キミのコドウがきこえる。
「何で?別に翔太が怒るようなこと、私してないよ?」
「してるよ。だって、ナル俺に隠し事してる」
「隠し事って……私も翔太もいい大人なんだし、昔みたいになんでも話せるわけじゃないでしょ?」
「俺は嫌だね。ナルに隠し事されるの」
翔太は唇を尖らせながら拗ねたような表情をした。
「ははっ……何、その顔。子どもみたい」
「……馬鹿にしてる?」
「……ごめん……さっきね、泣いちゃったのは、翔太が羨ましかったからだよ。さっきも思ったけど、翔太変わらないんだもん。
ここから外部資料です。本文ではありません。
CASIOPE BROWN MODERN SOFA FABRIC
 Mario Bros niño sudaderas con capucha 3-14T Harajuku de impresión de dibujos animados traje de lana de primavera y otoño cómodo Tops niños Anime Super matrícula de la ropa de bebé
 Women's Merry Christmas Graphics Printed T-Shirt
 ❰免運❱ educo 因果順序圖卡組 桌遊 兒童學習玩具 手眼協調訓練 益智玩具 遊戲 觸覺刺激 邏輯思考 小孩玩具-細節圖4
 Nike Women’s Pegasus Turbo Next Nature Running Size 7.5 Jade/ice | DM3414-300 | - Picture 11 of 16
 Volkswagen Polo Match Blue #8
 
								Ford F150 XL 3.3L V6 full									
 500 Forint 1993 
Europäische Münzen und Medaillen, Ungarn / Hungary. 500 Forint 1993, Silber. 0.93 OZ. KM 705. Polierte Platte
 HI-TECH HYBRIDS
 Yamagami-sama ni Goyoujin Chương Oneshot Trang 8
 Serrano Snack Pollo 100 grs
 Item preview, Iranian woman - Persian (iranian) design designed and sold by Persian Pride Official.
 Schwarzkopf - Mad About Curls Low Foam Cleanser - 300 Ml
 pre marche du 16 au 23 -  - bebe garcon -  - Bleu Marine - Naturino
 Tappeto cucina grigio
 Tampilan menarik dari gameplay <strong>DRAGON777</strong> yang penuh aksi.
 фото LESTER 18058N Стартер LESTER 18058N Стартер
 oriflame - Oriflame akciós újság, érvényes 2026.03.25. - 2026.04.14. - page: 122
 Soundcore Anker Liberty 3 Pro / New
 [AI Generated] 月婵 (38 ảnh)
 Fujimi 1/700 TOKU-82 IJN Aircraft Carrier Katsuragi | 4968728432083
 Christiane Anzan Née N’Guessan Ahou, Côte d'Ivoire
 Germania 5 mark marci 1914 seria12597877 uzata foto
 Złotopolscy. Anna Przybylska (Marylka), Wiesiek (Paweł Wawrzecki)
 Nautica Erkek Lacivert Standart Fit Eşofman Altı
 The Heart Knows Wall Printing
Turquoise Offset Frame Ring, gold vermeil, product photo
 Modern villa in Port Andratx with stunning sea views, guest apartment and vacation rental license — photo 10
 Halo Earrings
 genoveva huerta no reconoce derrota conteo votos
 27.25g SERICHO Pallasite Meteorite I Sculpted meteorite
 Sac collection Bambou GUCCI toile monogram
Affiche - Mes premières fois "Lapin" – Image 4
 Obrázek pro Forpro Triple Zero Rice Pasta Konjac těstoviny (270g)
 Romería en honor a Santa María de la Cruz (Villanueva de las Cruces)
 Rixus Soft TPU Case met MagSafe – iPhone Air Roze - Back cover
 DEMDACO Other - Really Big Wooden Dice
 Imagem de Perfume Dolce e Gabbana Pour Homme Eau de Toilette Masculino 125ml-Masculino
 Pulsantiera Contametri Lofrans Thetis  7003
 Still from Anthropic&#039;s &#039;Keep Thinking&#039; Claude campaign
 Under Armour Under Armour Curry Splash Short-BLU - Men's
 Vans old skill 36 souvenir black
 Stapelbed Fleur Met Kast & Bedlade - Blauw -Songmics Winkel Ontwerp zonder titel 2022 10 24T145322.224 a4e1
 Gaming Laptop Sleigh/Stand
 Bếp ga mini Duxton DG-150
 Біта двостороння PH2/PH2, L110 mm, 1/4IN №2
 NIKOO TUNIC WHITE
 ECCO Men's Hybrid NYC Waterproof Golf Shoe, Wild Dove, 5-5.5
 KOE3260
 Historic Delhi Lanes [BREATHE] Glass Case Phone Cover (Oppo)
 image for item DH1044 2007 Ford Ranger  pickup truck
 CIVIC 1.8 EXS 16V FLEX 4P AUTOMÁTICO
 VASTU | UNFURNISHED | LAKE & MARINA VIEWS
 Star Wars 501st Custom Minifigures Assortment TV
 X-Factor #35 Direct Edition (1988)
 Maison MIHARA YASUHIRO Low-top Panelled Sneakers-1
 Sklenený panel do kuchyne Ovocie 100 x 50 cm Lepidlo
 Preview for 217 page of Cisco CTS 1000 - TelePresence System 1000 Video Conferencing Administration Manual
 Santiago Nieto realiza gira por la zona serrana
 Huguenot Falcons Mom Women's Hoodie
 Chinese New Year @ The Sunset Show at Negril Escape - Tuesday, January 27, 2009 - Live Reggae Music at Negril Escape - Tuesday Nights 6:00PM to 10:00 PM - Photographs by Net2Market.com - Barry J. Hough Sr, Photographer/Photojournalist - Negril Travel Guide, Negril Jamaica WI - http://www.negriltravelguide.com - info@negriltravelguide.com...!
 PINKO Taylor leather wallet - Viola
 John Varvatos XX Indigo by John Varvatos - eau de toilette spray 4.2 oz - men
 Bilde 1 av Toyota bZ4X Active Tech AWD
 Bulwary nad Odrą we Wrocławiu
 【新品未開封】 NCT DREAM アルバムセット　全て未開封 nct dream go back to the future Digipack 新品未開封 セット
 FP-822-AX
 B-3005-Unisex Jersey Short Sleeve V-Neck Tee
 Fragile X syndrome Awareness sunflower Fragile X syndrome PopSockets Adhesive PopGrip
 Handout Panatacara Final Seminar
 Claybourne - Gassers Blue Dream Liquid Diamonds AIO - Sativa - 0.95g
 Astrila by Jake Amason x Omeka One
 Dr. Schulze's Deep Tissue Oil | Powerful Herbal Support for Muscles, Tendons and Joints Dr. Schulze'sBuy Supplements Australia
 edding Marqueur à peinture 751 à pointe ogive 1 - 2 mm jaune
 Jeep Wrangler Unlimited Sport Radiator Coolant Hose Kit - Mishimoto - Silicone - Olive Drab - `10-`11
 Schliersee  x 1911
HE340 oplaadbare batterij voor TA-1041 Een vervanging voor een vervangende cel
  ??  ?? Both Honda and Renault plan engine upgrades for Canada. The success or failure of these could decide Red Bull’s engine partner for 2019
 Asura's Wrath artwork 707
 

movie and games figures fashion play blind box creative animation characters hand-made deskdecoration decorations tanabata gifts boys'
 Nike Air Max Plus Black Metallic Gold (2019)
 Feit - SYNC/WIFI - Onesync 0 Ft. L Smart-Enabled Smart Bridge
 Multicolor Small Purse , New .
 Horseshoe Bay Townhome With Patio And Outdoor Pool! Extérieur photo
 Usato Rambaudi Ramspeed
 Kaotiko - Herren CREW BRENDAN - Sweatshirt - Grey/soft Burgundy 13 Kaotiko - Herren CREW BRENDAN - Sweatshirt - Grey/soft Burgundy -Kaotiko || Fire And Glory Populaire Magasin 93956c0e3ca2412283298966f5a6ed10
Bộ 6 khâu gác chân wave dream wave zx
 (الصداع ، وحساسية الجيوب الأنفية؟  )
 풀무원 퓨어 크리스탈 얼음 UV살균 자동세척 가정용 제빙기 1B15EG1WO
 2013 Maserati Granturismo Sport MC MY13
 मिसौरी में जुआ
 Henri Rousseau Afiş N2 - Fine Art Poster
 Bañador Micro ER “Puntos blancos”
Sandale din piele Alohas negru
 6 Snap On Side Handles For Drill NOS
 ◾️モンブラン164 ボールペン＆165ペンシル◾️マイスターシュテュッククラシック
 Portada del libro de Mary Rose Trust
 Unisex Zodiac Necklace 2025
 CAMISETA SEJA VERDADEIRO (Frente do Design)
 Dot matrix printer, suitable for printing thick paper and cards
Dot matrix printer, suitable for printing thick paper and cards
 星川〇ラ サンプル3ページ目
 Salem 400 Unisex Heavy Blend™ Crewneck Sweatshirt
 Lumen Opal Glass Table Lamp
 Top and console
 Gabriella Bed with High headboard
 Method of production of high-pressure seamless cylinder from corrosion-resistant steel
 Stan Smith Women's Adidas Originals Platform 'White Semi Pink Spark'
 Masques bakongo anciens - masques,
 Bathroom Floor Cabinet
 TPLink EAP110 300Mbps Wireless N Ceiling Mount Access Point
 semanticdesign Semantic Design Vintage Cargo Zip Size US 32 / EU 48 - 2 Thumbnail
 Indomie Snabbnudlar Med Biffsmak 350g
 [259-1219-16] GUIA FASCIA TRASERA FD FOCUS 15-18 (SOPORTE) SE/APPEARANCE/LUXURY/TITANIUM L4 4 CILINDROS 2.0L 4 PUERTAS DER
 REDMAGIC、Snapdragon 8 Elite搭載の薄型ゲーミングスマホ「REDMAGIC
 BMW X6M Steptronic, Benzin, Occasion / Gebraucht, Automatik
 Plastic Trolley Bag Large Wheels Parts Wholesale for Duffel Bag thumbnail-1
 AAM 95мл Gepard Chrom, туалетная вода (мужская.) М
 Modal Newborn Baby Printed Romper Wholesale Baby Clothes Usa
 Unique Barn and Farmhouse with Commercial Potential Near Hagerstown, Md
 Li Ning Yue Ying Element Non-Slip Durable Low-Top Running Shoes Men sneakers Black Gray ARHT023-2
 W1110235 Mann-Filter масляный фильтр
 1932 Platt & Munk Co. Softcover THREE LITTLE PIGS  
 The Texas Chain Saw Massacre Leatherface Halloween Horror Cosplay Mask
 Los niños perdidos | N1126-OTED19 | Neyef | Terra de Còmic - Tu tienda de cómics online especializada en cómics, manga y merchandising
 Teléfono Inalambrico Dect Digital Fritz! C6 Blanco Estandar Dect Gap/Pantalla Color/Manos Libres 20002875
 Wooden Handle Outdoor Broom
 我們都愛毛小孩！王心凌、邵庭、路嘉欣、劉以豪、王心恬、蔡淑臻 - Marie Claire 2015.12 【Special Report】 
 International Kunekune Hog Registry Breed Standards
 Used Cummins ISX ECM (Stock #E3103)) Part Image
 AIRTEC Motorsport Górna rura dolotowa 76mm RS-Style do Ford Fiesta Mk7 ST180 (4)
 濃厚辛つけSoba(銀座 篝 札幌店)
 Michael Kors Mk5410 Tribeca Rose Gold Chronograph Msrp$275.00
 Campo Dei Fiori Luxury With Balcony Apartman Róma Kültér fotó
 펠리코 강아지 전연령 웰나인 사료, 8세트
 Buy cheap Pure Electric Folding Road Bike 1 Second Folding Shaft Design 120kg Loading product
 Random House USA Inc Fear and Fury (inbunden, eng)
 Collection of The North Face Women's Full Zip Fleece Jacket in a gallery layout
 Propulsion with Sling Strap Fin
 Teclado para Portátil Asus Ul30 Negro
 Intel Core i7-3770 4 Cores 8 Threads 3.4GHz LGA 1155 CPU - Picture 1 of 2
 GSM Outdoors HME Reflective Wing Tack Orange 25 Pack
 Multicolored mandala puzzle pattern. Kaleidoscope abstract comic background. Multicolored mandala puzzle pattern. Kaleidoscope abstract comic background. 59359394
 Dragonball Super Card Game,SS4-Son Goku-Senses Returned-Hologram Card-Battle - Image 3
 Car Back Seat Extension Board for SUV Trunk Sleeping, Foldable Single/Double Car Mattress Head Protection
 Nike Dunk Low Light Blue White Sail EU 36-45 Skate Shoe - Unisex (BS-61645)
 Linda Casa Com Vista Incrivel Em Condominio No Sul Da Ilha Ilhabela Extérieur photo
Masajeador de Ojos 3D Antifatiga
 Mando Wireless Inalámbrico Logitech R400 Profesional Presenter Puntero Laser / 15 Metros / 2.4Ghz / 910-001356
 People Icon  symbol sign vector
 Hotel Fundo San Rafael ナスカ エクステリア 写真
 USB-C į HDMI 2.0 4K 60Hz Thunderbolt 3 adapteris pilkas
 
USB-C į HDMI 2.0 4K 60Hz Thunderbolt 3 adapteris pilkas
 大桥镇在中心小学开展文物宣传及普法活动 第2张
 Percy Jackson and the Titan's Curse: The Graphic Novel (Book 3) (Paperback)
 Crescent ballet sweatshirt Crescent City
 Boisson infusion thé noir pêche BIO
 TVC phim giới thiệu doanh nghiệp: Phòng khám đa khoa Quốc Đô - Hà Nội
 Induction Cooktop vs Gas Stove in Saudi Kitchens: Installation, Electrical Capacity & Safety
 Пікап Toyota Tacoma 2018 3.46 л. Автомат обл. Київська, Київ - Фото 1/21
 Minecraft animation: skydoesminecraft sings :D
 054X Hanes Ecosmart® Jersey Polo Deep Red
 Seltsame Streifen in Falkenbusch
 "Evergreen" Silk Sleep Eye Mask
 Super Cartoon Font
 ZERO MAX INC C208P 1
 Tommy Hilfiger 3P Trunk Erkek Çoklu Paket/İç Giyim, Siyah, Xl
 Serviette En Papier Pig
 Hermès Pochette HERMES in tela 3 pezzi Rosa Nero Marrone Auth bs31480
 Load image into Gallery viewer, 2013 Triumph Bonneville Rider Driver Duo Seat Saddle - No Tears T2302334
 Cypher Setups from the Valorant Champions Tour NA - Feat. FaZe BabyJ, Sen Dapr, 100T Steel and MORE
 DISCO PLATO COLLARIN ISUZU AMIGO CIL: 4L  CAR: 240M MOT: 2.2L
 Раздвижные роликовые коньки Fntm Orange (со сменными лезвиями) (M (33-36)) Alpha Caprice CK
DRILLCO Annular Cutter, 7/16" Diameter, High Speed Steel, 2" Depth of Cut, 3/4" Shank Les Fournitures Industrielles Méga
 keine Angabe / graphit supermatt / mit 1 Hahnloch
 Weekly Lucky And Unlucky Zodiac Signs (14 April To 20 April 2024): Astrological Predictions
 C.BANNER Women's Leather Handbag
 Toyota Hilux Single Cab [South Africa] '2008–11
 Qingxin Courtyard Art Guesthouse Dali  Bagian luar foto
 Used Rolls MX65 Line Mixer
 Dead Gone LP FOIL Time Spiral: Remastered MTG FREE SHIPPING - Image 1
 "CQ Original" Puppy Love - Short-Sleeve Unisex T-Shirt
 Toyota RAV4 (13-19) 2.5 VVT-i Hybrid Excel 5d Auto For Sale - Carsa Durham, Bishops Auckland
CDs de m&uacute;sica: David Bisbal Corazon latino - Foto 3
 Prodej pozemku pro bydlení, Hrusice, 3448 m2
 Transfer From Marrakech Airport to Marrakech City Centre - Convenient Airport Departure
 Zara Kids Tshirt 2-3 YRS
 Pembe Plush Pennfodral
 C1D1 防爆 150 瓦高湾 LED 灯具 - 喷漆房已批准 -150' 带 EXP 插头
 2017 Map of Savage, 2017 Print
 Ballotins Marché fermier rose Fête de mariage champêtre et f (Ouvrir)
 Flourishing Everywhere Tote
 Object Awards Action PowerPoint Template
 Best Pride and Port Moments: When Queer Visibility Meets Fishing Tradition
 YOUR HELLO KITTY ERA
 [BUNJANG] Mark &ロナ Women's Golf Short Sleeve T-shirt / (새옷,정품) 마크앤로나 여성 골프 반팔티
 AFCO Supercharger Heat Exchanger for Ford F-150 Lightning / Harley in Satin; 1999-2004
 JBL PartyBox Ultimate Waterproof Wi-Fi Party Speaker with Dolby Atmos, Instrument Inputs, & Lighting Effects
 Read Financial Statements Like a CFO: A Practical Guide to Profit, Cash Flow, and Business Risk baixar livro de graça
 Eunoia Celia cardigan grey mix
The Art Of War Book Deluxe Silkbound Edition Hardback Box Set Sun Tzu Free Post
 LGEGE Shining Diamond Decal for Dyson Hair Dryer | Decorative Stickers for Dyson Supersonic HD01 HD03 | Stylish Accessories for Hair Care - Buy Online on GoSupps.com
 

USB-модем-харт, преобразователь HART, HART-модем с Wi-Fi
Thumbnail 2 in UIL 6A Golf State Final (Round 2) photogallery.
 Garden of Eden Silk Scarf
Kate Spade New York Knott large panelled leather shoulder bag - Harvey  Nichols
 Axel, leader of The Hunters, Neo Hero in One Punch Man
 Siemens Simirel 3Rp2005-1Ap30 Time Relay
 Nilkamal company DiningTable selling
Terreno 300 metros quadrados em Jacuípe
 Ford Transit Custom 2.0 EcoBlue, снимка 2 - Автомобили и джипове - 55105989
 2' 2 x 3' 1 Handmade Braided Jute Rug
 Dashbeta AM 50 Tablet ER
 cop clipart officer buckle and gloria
昔も今も頑張ってる翔太は目がきらきらしててさ。それに比べて私は、会社も潰れて……都会でずっと頑張ってきたけれどそれだけで。叶えたい夢も何もないんだなと思ったらなんだか泣けてきちゃってさ」
「じゃあ、なおさら一緒に大太鼓叩こうよ」
「やっぱり、そこに辿りつくんだね」
どこまでも一直線な考え方の翔太に、私の心の中にあった塊が、やんわりと溶けていくような気がした。
「まずは大太鼓の復活!俺の今の夢は、ナルと一緒に大太鼓を叩くこと。一緒の夢じゃダメ?」
翔太は、真剣な眼差しで私を見つめてきた。
黙っている私にしびれを切らしたかのように、翔太は「お願いします!」と言って、私に頭を下げながら右手を差し出した。